Turkish troops’ presence near Mosul violating international law: Iraq
The presence of Turkish troops near the Islamic State-held city of Mosul in northern Iraq is a “violation” of international law, Iraq’s president said Saturday.world Updated: Dec 05, 2015 21:01 IST
The presence of Turkish troops near the Islamic State-held city of Mosul in northern Iraq is a “violation” of international law, Iraq’s president said Saturday.
President Fuad Masum called the move a “violation of international norms, laws and Iraq’s national sovereignty,” and said it was contributing to increased tensions in the region.
Hakim al-Zamili, the head of parliament’s security and defense committee, went a step further, calling on Iraq’s prime minister to launch airstrikes against the Turkish troops if they remained in Iraqi territory.
Turkey has said a military battalion equipped with armoured vehicles has been in the Bashiqa region close to Mosul in the northern Ninevah province for the last five months as part of a training mission to help forces fighting the Islamic State group. Mosul fell to the extremists in June 2014 amid a stunning collapse of Iraqi security forces.
Plans to try to retake Mosul last spring were sidelined as the extremist group advanced on other fronts.
The founder of the training camp outside Mosul, former Ninevah governor Atheel al-Nujaifi, told The Associated Press that the Turkish trainers were at his base at the request of Iraqi Prime Minister Haider al-Abadi and defense minister Khaled al-Obeidi. He said the Turkish forces are training but not arming Sunni fighters.

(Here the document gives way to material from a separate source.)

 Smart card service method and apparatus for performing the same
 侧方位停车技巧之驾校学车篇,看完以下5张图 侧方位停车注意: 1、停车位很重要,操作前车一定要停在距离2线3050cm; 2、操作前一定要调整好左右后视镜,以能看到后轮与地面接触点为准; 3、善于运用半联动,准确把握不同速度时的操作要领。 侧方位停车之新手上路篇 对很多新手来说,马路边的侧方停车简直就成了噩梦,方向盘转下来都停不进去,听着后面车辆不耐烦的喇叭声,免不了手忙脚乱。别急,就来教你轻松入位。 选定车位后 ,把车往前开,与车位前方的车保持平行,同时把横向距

“They didn’t give us any weapons even though we asked them to,” he said. “We equipped this force from the black market with our own money and we believe they’re the best force to liberate Mosul... These people will be very effective to hold ground because they are from there and there’ll be no resistance to them from local people.”
Sunni fighters in Ninevah and the western Anbar province say the Shiite-dominated government has failed to provide them with the support and weaponry needed to defeat the IS group. The government fears that arming Sunni tribes and militias could backfire. Sunni grievances were a key factor fueling the rise of the IS group, and many Sunnis initially welcomed the extremists as liberators.
The US-led coalition launched 12 airstrikes on IS targets in Iraq on Friday, including two near Mosul targeting tactical units and fighting positions.